U.S. Dollar Downtrend Intact, As Precious Metals and Miners Breakout

Recently, investors have been concerned over the possible effect of the expiration of QE2. They have been looking for a clear mission statement in order to understand how government policy can impact their investment universe. This has sent gold and silver miners to key support levels and oversold conditions not seen in more than two years. Recently, Federal Reserve Chairman Ben Bernanke brought renewed hope for precious metals and mining stock investors. The U.S. central bank is prepared to provide additional stimulus if the current economic slow patch persists.

My firm has stated unequivocally that we have been programmed over the past two months to accept accommodative policies and QE3. The recent downturn in economic data such as home prices, increased unemployment and decreased manufacturing, indicates that we are being prepared to accept further bailouts and money printing measures. The Fed has already invested trillions of dollars in order to stabilize the capital markets. We are heading into the election year. Fed policies may be affected by political concerns in order to continue the accommodative measures of the Obama administration.

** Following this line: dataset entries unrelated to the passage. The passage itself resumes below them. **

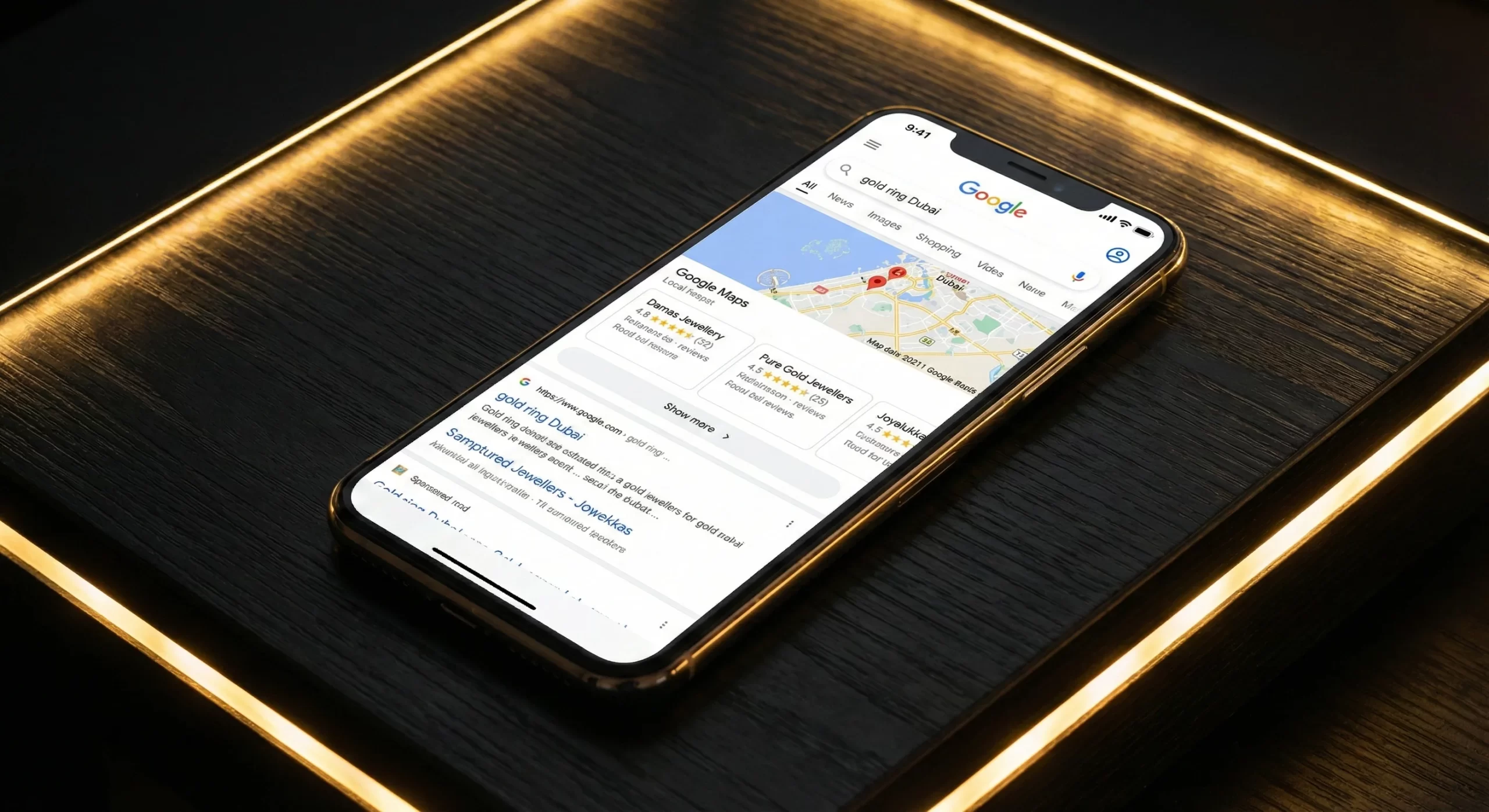 A realistic mobile screen view showing Google results for “gold ring Dubai” with a visible map pack and star ratings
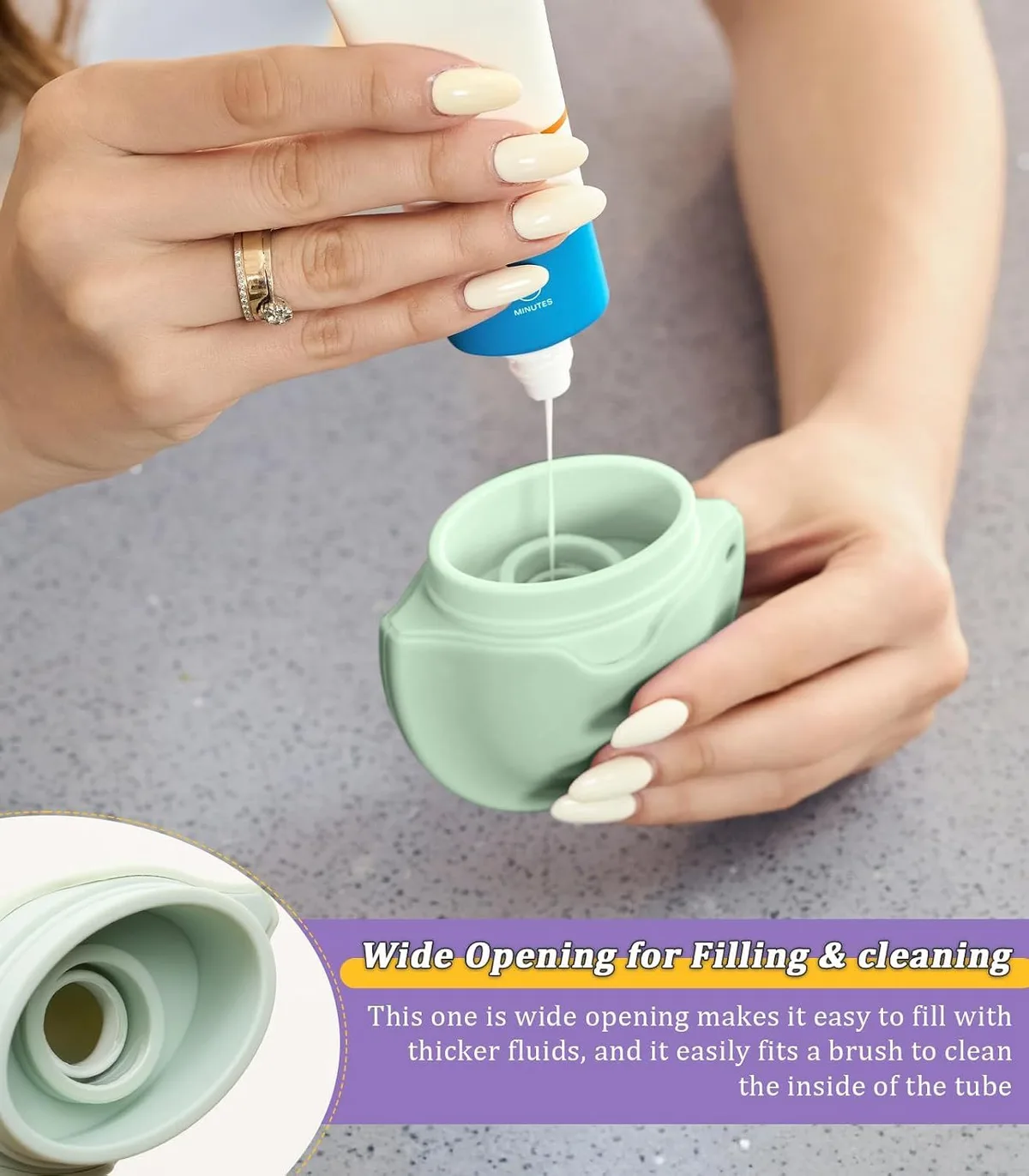 filling the sunscreen applicator through its wide opening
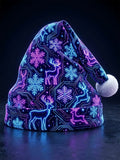 Oceanlyte Men's Christmas Neon Circuit Board Reindeer And Snowflakes Print Hat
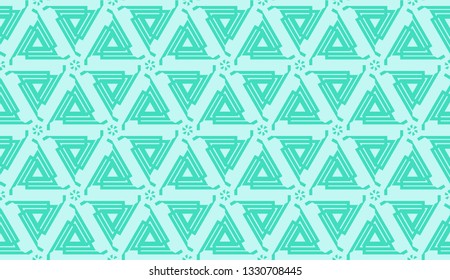 Smart background with decorative triangles layot. Vector illustration. Blue, turquoise color . Decorative design for you idea. Seamless.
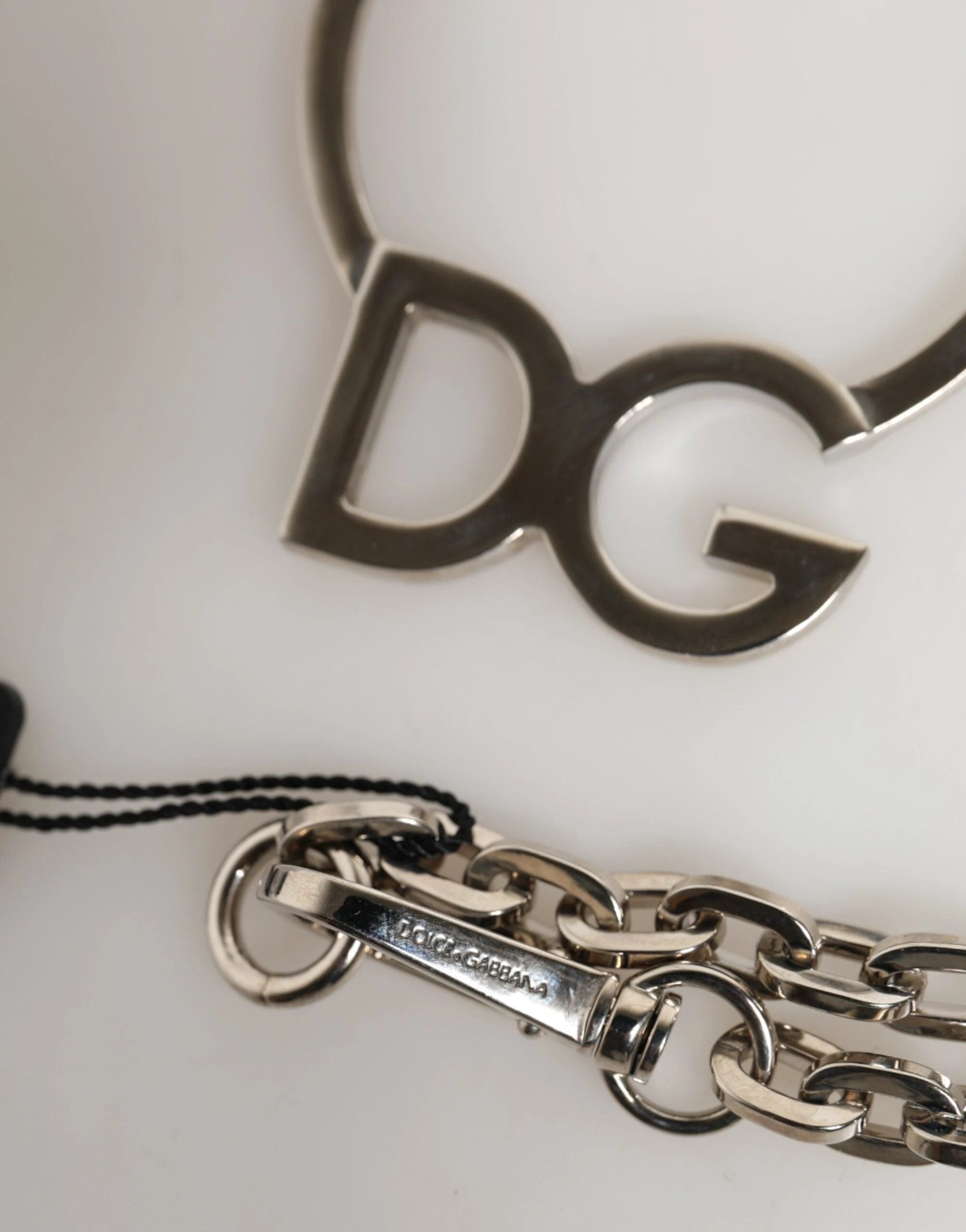 Dolce & Gabbana Silver Tone Brass Chain DG Logo Pendant Men Necklace by Dolce & Gabbana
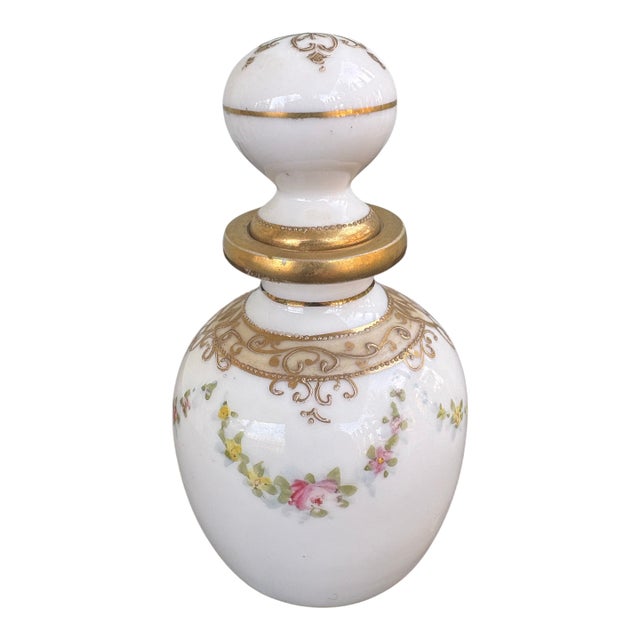 Antique Hand-Painted Nippon Porcelain Perfume Bottle With Raised Gilt & Floral Garland – Circa 1900 For Sale
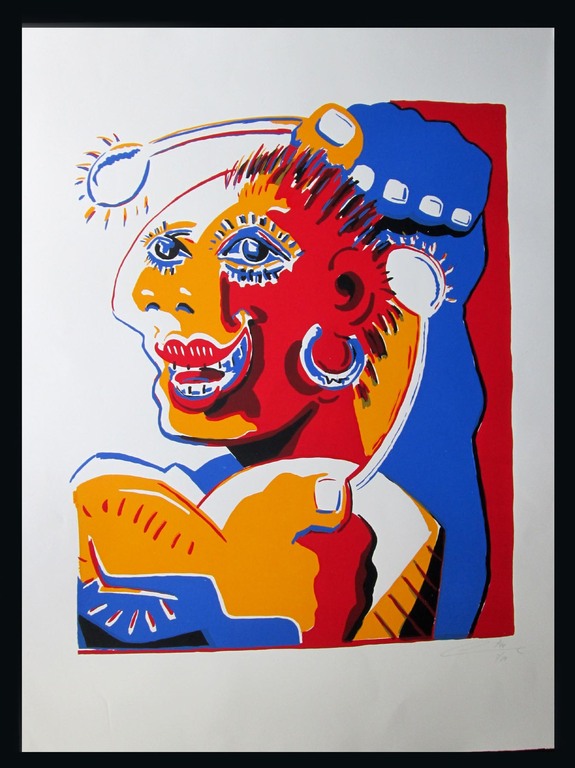 Volker LAUE -Der Trommler - kleurzeefdruk uit 1989 , oplage 99 , handgesigneerd kopen? Bied vanaf 1!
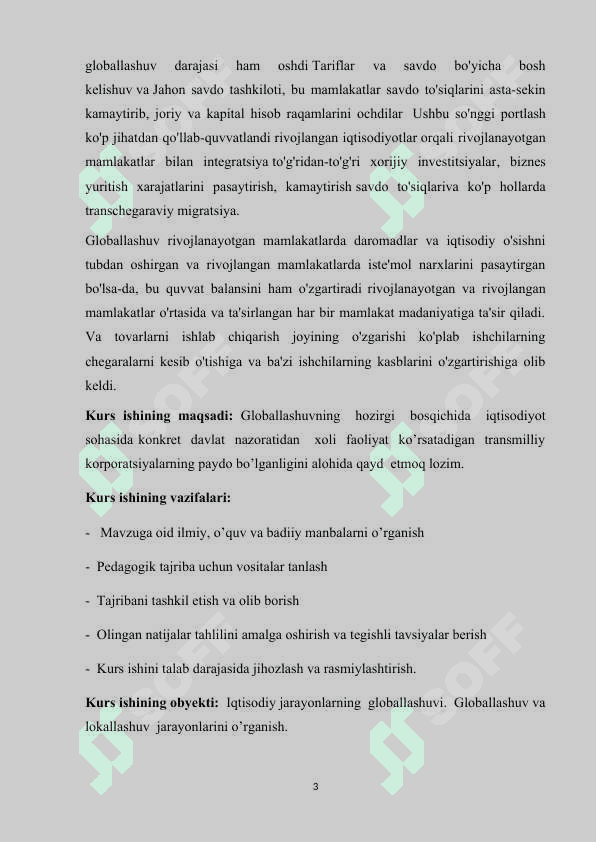 XALQARO IQTISODIY GLOBALLASHUV JARAYONLARI  VA LOKALLASHUV 3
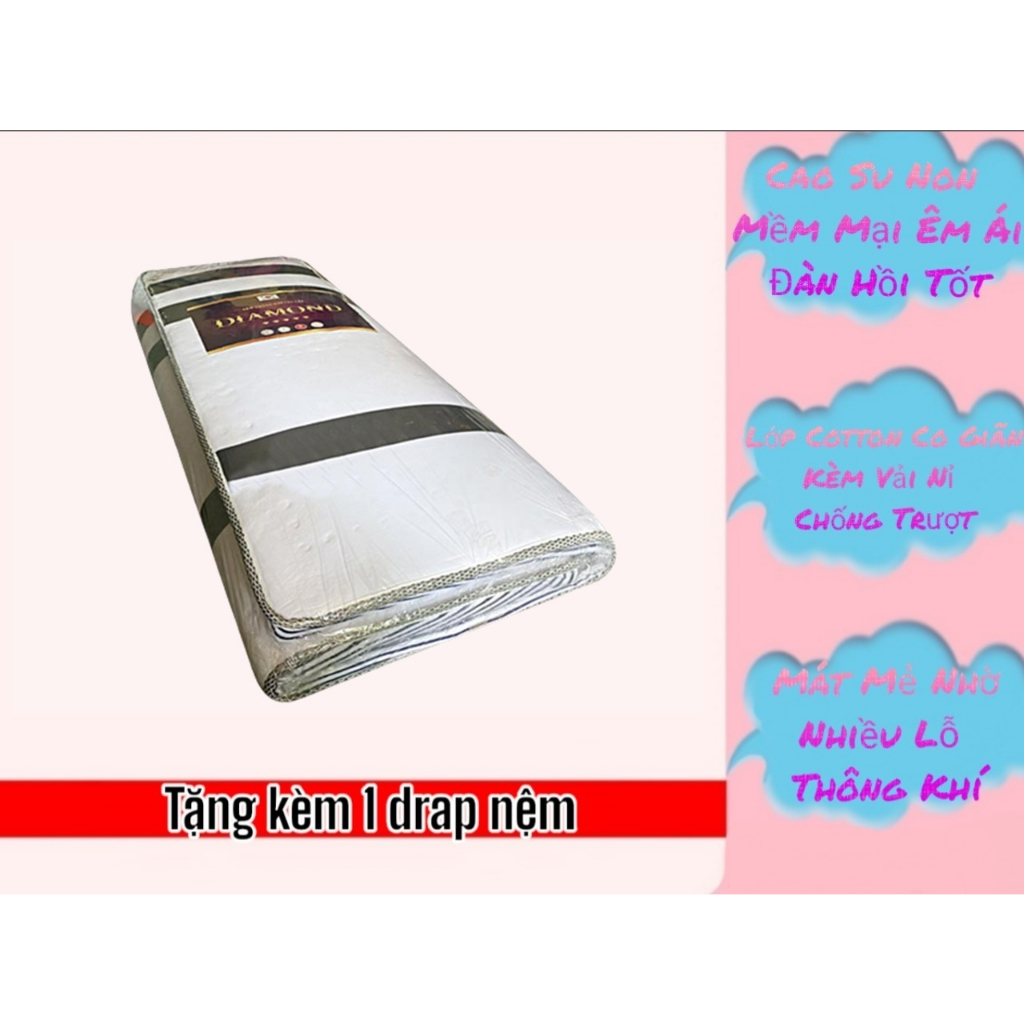Nệm Cao Su Chần Viền Diamond Dày 3cm Đủ Size - Êm ái và thoáng mát cao  Tặng Kèm Ga Nệm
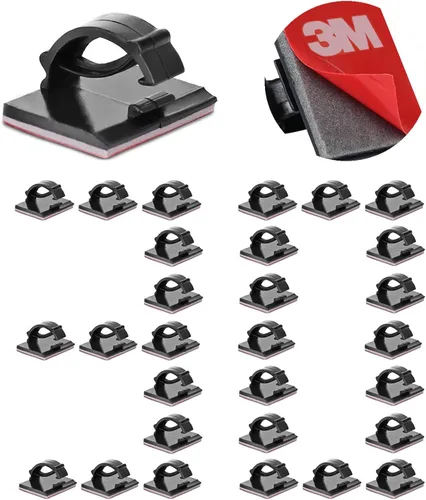 Miniatura 11 de Clips de Cable Autoadhesivos 3M Organizador de Cables, Soporte de Alambre Abrazadera de Gestión Adhesiva para Escritorio Coche Cámara de Tablero
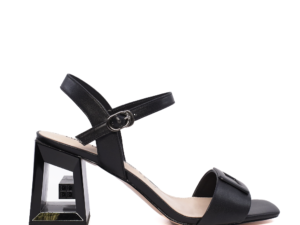 Sandale cu toc mediu femei Luca di Gioia negre din piele 1267DS1601N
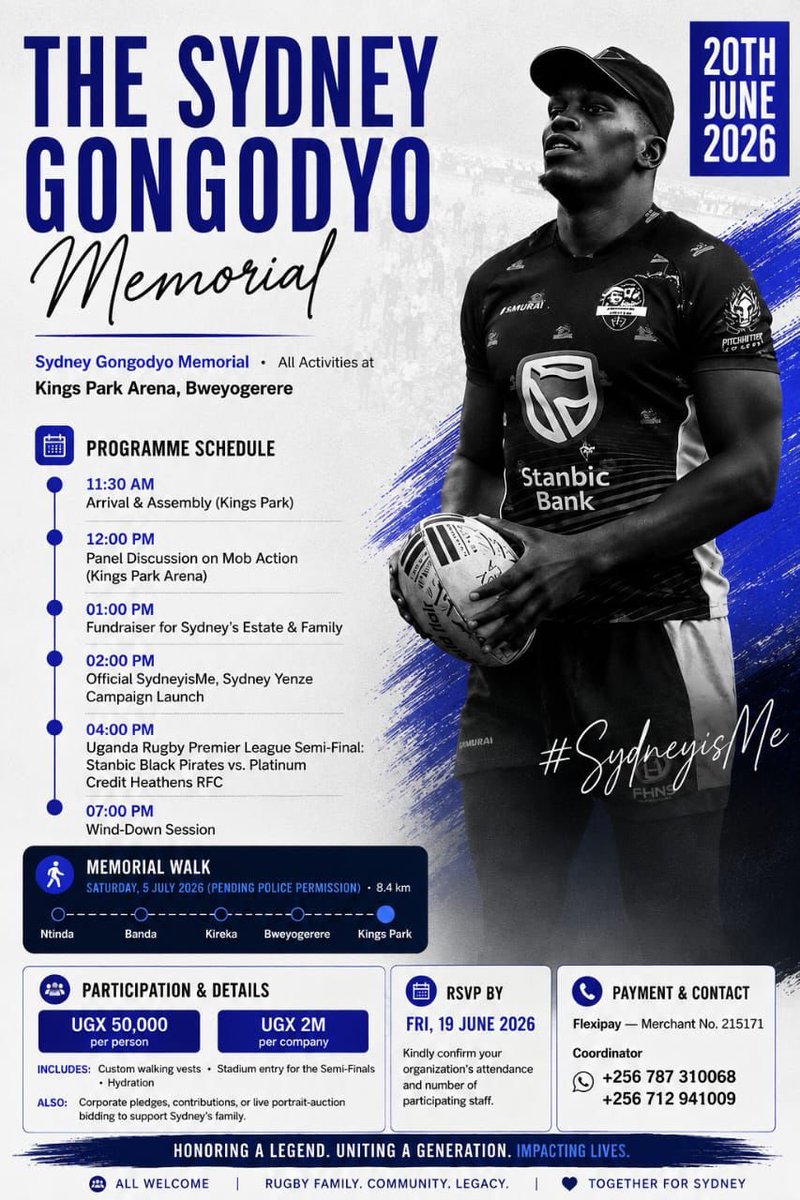 kingFahad_17's tweet photo. A day to remember. A legacy to honor.

Join the rugby fraternity, friends, and well-wishers as we celebrate the life and impact of Sydney Gongodyo at the Sydney Gongodyo Memorial.

This Saturday/Tomorrow 
Kings Park Arena, Bweyogerere https://t.co/VoyUqsKpAd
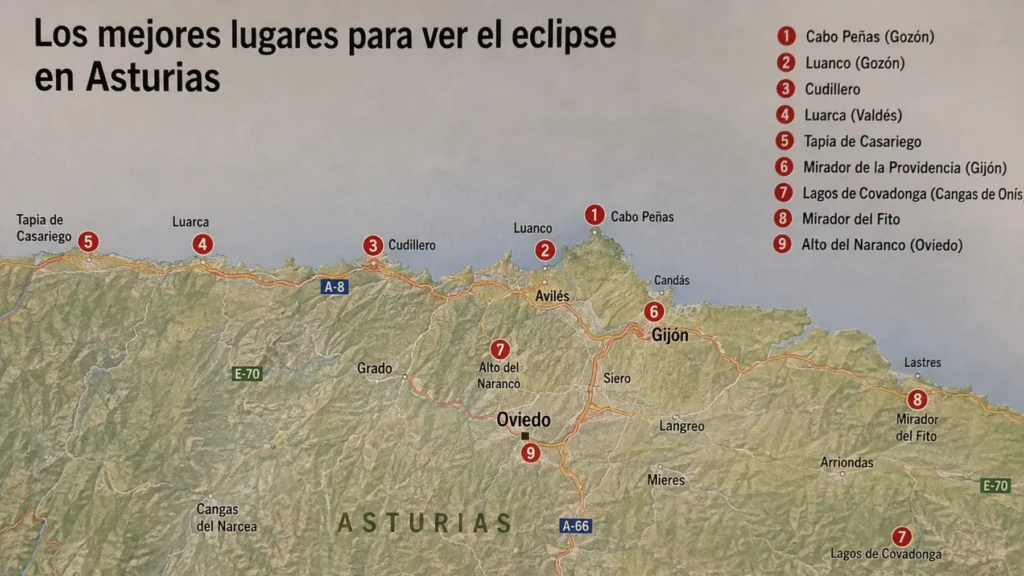 mapa de los mejores lugares para ver el eclipse en Asturias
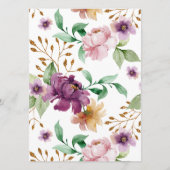 Menu Roze en Paarse Rozen bloemen Baby shower (Achterkant)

We have assiduously monitored the all important level of GDX $52.50 for several weeks. It was important that this support held for the long term uptrend. We saw a head fake, or bear trap through $52.50, the 2011 low. The new low was not confirmed by our indicators. This signaled a potential turning point and head fake.

The market will often do what it can to confuse us. Ergo, in an attempt to shake out weak holders, a head fake break below this support occurred. After these fakeouts occur at support, powerful moves tend to follow, which we are currently witnessing.

In plain language, the all important 200-day moving average, which has been regained, proves the long term trend in mining stocks moves on a labyrinthian path; however the path ascends upward over time.

Silver is showing signs of demand as it regains its 50-day moving average. Notice the 200-day moving average continues to catch up with the price during this consolidation. This recent pullback has been quite healthy for the silver market and has wiped out a lot of speculative hedge funds and day traders who bought at the wrong time when it was overbought and extended way above the 200-day moving average. Notice the decreasing volume, showing that the enthusiasm of profit taking and selling is waning.

An ascending triangle has been forming and I believe we may see a breakout to the upside where we can challenge April highs.

Gold is making a record breakout and is forming a bullish symmetrical triangle. This breakout may lead us to our $160 target, originally forecasted in late January. A high volume breakout to the upside has occurred. These continuation patterns favor a confirmed upside breakout.